Regen im Englischen Garten

Die einen suchen im Englischen Garten unter Bäumen Zuflucht, andere unter einer Decke - oder unter einem Schwimmreifen.

(Foto: Korbinian Eisenberger (OH))

Wenn es gießt und schüttet, dann wäscht es die Latte-Macchiato-Ladys und BWL-Hipster zurück in Schwabings Altbauten.

Von Korbinian Eisenberger

Open Air Kino am Münchner Westpark, 21 Uhr, der Film hat gerade begonnen, da packt ein Mann seinen Schlafsack aus und legt sich rein. Etwas ungewöhnlich, vielleicht etwas warm, aber sicherlich auch gemütlich. Kurz darauf fängt es zu regnen an, die Menschen brechen auf, nehmen ihre Decken und Klappstühle mit. Einige wenige bleiben, sie spannen Regenschirme auf. Nur der Mann im Schlafsack, der macht gar nix, er bleibt einfach liegen.

Die meisten Münchner lassen sich den Abend vom Wetter durchkreuzen. Egal ob an der Isar, im Englischen Garten oder sonstwo: Wenn es strömt, fließt kein Bier mehr, dann strömen plötzlich auch die Menschen, nämlich zurück in die Stadt. Regen macht nass, das taugt vielen nicht, sie befeuchten sich lieber von innen. Dabei ist der Regen gerade in den Münchner Abendstunden etwas ganz Vortreffliches.
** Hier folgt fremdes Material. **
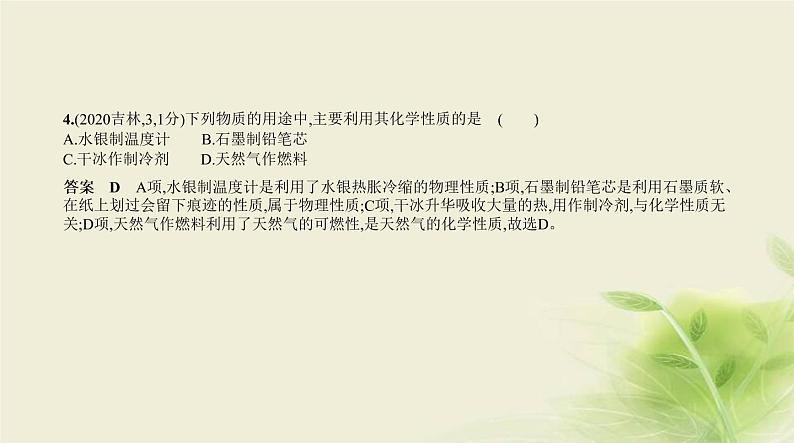 中考化学总复习03第三部分物质的化学变化PPT课件（安徽专用）05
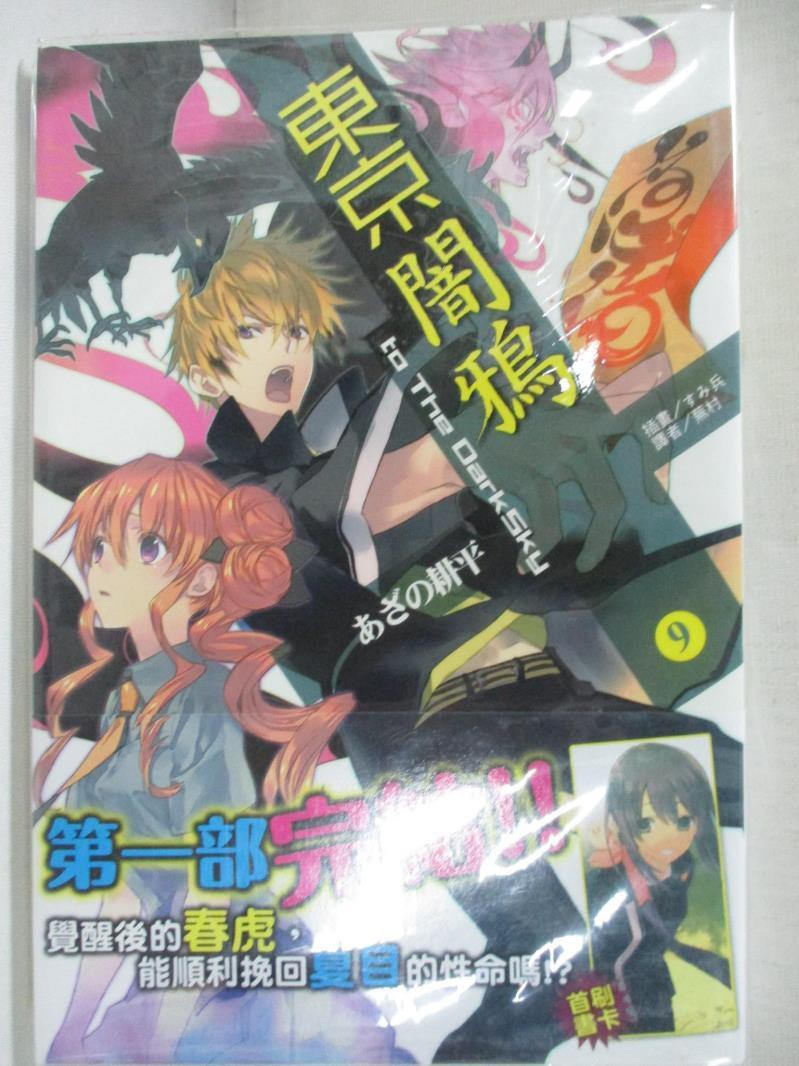 東京闇鴉 拍賣 評價與ptt熱推商品 21年4月 飛比價格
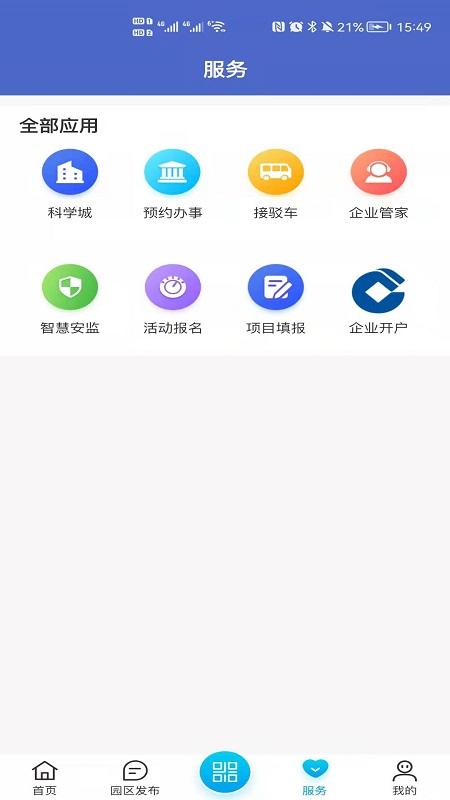 浦芯篇最新版下载,浦芯篇,便民app,政务app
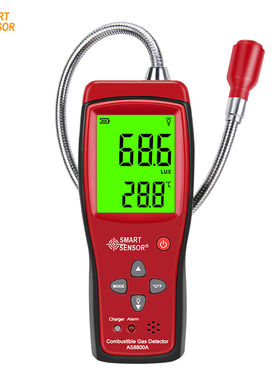 希玛AS8800A可燃气体检测仪天然气厨房燃气泄漏报警器测漏仪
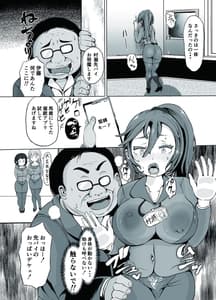 Page 10: 009.jpg | Soushuuhen Fukushuu Saimin Ochiru Hitozuma Joushi Elite Jinsei wo Kowasarete | View Page!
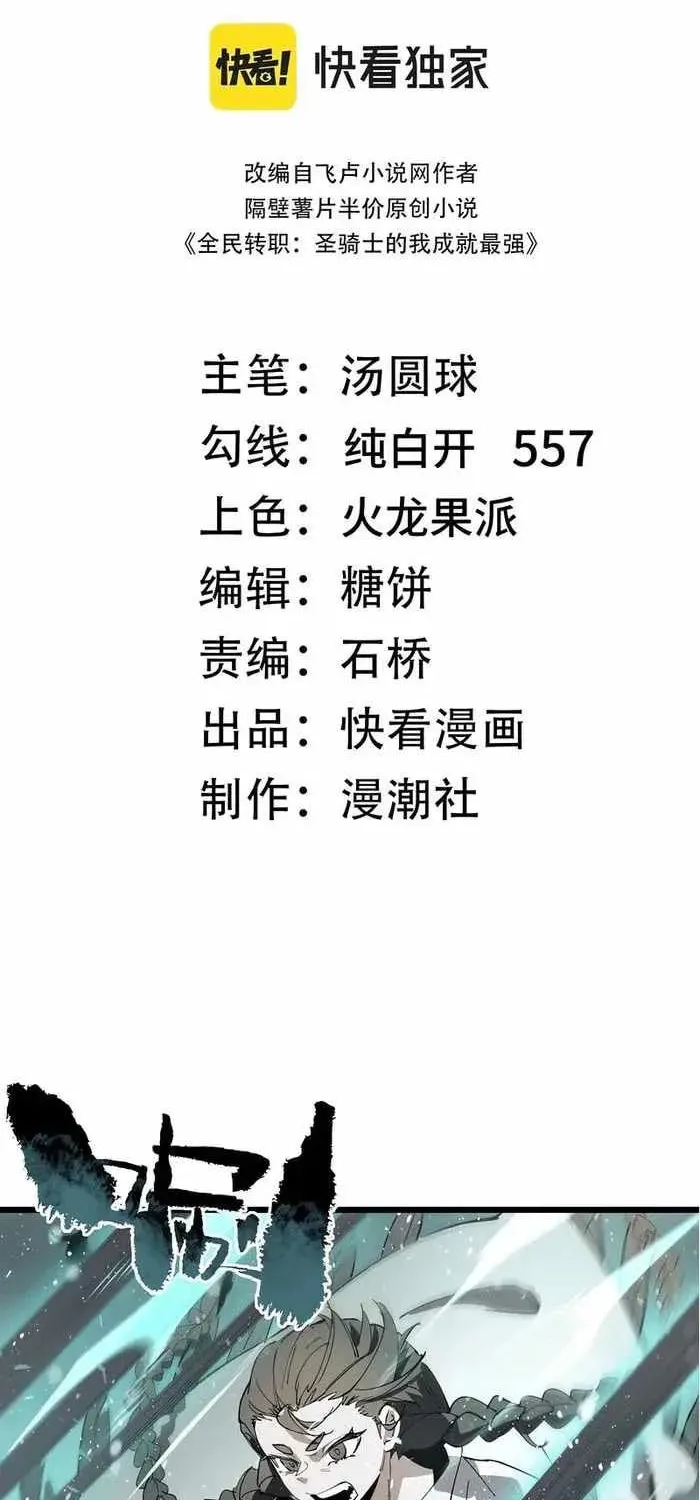 SSS Ji Chaoyue Changli De Sheng Qishi Chapter 101 page 2 -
Schon wenn Wolken die Tropfen ankündigen, verabschieden sich nämlich die vermeintlich Souveränen. Dann gehen jene, die nichts dem Zufall überlassen, die den Eisbach meiden und sein langweiliges Brüderchen vorziehen, den Schwabinger Bach - stets so, dass die gegelten Haare trocken bleiben. Das sind meist auch die Gestählten, die mit Smoothie an die Isar kommen und nach einer Stunde wieder los müssen, wegen Fitnessstudio. Oder wegen Regen.

Allein deswegen ist Regen ein Segen für das Leben unter dem Münchner Himmel. Denn wenn es gießt und schüttet, dann wäscht es die Latte-Macchiato-Ladys und BWL-Hipster zurück in Schwabings Altbauten - oder dorthin, wo es Burger zwischen Astrohren gibt. Zurück bleiben jene, die sich ihr Bier mitbringen und ohne Schirm unterwegs sind. Am Eisbach rücken sie unter Bäumen zusammen, schauen zu, wie ihre löchrigen Radsättel durchweichen. Und unter den Isarbrücken verdichtet sich der Qualm der Grasanbeter.

Nicht alles, was dann passiert, ist zwingend raffiniert. Beschwipste Buben, die ihren Schwimmreifen zum Regenschirm umfunktionieren, Deppen, die meinen, jetzt ins reißende Wasser der Isar springen zu müssen. Leute, die ihren Schlafsack ruinieren. Und dennoch ist ein Schauer wie Balsam für diese Stadt: Unter Bäumen und Brücken ist es dann fast so eng wie in der U-Bahn, nur dass sich die Menschen diesmal in die Augen schauen. Sie wollen wissen, wem es noch so taugt, dass es gerade prasselt. Bei Regen rücken die Münchner zusammen, die Stadt verliert ein bisschen was von ihrer erdrückenden Souveränität und wirkt plötzlich so ganz bezaubernd normal.